> _About this exercise_
Any picture in the range stays out of the copy; retype exactly the lines from the one with "Svart stickad croppad" to the end of the listing.

-- Data section follows --

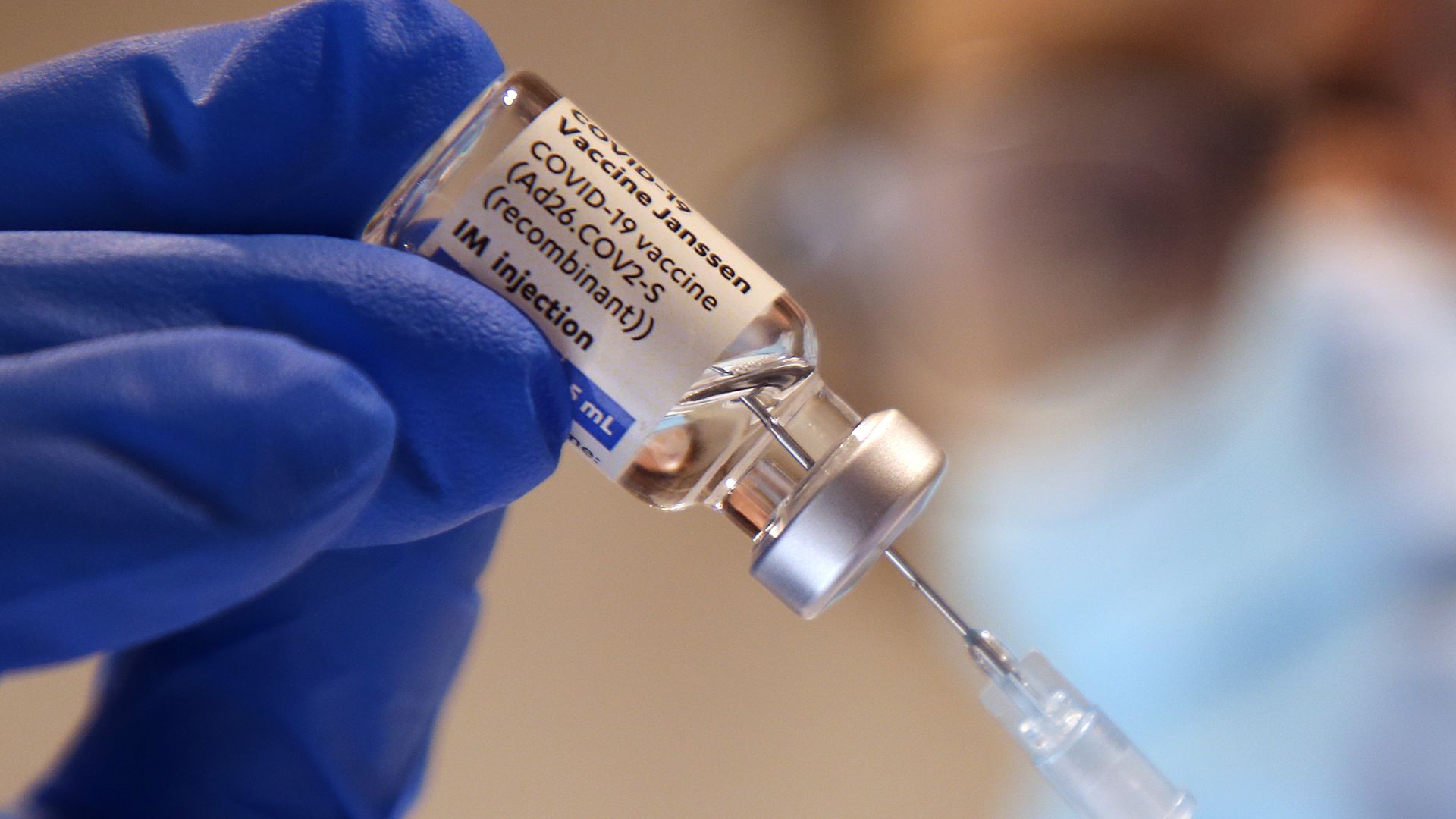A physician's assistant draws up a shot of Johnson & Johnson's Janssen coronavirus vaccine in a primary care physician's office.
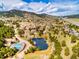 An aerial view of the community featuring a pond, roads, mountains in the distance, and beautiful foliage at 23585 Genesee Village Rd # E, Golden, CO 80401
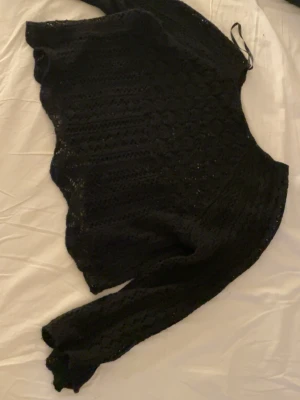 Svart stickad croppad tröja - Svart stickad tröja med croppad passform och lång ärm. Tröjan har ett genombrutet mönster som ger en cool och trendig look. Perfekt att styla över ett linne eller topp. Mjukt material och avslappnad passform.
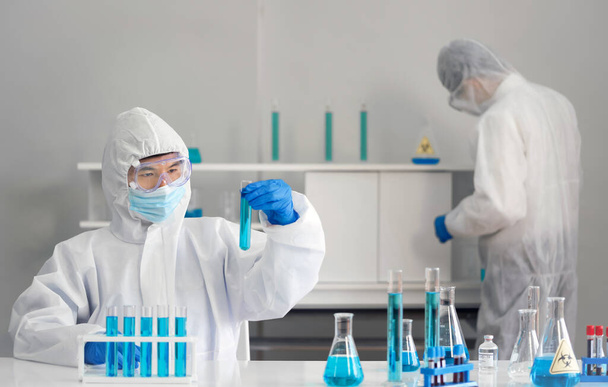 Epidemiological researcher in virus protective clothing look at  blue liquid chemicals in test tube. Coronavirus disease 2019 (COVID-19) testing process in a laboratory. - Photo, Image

-- Data section concluded --

> _Exercise result_
 Svart stickad croppad tröja - Svart stickad tröja med croppad passform och lång ärm. Tröjan har ett genombrutet mönster som ger en cool och trendig look. Perfekt att styla över ett linne eller topp. Mjukt material och avslappnad passform.
 Epidemiological researcher in virus protective clothing look at  blue liquid chemicals in test tube. Coronavirus disease 2019 (COVID-19) testing process in a laboratory. - Photo, Image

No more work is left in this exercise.